The car audio fanatics at Rockford Fosgate are quiet about their engineering capabilities regarding speaker design. I’m not. I was thoroughly impressed with the T3652-S set I reviewed at the end of 2022 and was excited to see that Rockford Fosgate was sending their Power Series T4-Level T4652-S component system for analysis. Let’s dive into their flagship speakers to reveal their hidden technologies and discuss their performance.
Features of the Rockford Fosgate T4652-S Component Set
Rockford Fosgate separates its product solutions into three ranges. The Prime Series is their “good” line, and these are the most affordable solutions they offer. The Punch products are the “better” line and, in terms of speakers, offer more output capability and increased clarity. Finally, the Power Series products are the “best” from Rockford Fosgate. These products include technologies and designs that improve detail while increasing output capability. Within the Power Series, their solutions are subdivided into T1, T2, T3 and, ultimately, T4 levels. Even their T1 component speaker sets include features many other brands don’t offer in their flagship offerings. Of note, the Discreet Dual Clamp (DDC) tweeter mounting hardware is found in all four performance levels. It beats the hot glue and silicone sealant the other brands suggest to mount their high-frequency drivers.
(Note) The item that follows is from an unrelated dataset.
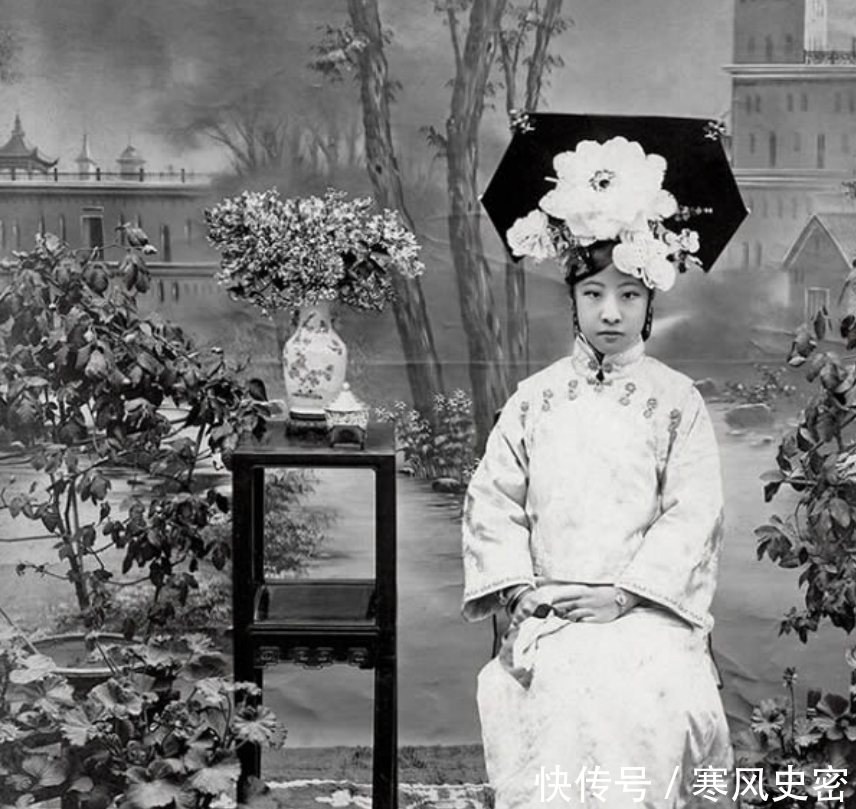 家族|晚清皇帝溥仪家族老照片:皇后婉容美丽惊艳,三妹漂亮有气质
The T4652-S set includes a pair of woofers described as 6.75-inch solutions, a pair of 1-inch fabric diaphragm ring-dome tweeters and a set of passive crossover networks. Grilles are included for the woofers, and as mentioned, mounting hardware is provided to ensure that the tweeters are secured reliably. In terms of specifications, the set is rated to handle 100 watts of power continuously and 200 watts of maximum power. Efficiency is specified at 89 dB measured at 1 meter when powered with 1 watt. The system’s nominal impedance is 4 ohms. The parts ship in a large gift box with precision-cut foam to secure every component and keep them protected.
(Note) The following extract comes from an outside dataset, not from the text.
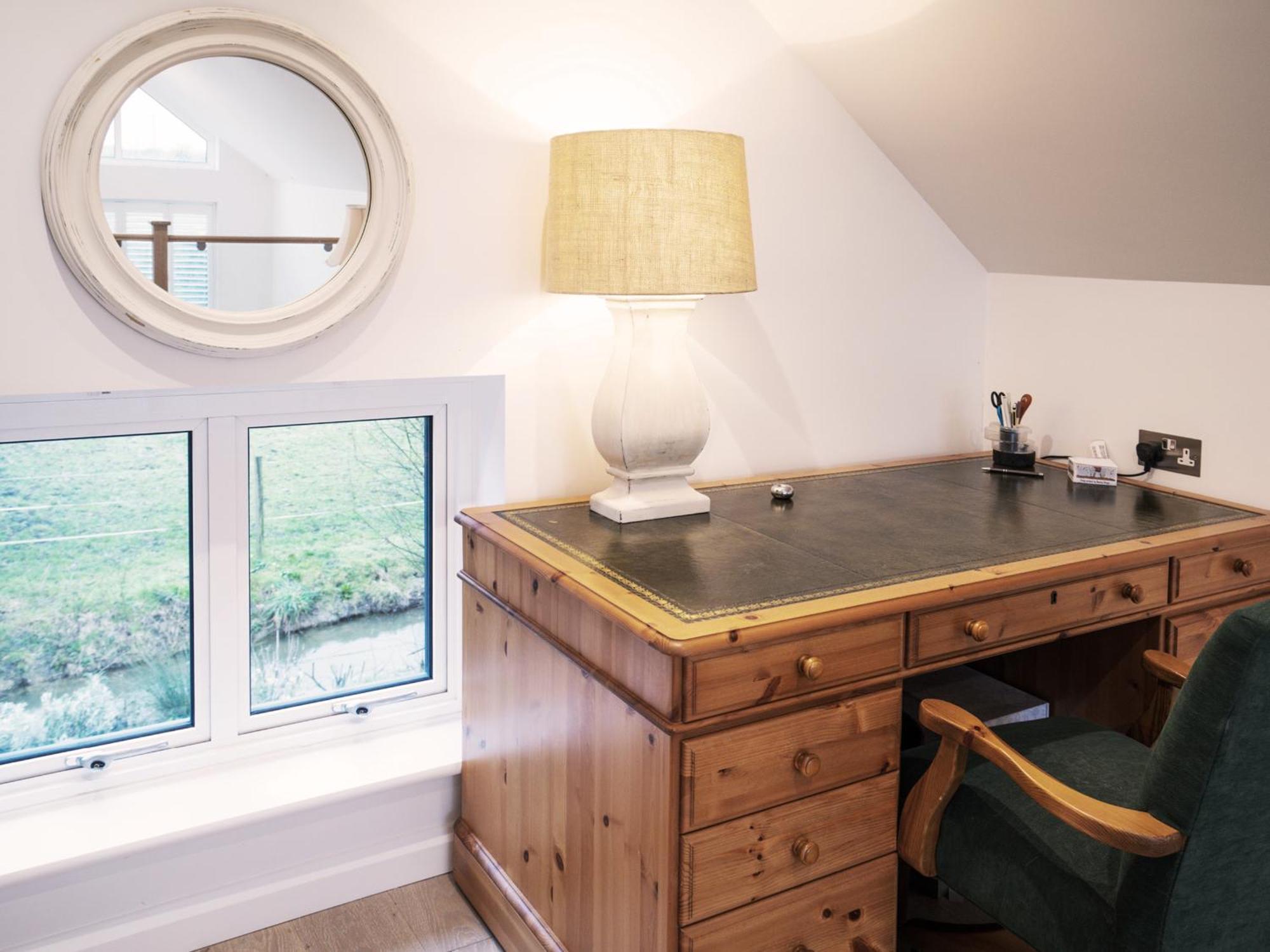 The Muse By The Suffolk Cottage Collection Framlingham Exteriör bild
Let’s start by looking at the design elements of the woofers. To be clear, while these are called 6.75-inch speakers, the basket fits into the same opening as the other high-quality 6.5-inch woofers on the market. Conversely, the T4652-S woofers offer more cone area than most other solutions, thanks to the Vertical Attach Surround Technique construction. Rather than have the outer edge of the surround attached to the flat surface of the basket, it’s connected to a vertical surface just beside the mounting holes. As a result, these speakers have up to 20% more radiating area at 147.4 square centimeters than most competitors at about 125 square centimeters. More cone area means more output for a given input power level. It also improves bass output. Win, win! The Xmax on the woofer is specified as 12.6 millimeters. All of the provided speaker specifications comply with the industry-standard ANSI/CTA-2031 Loudspeaker Standard, so you know no nonsense or games are happening.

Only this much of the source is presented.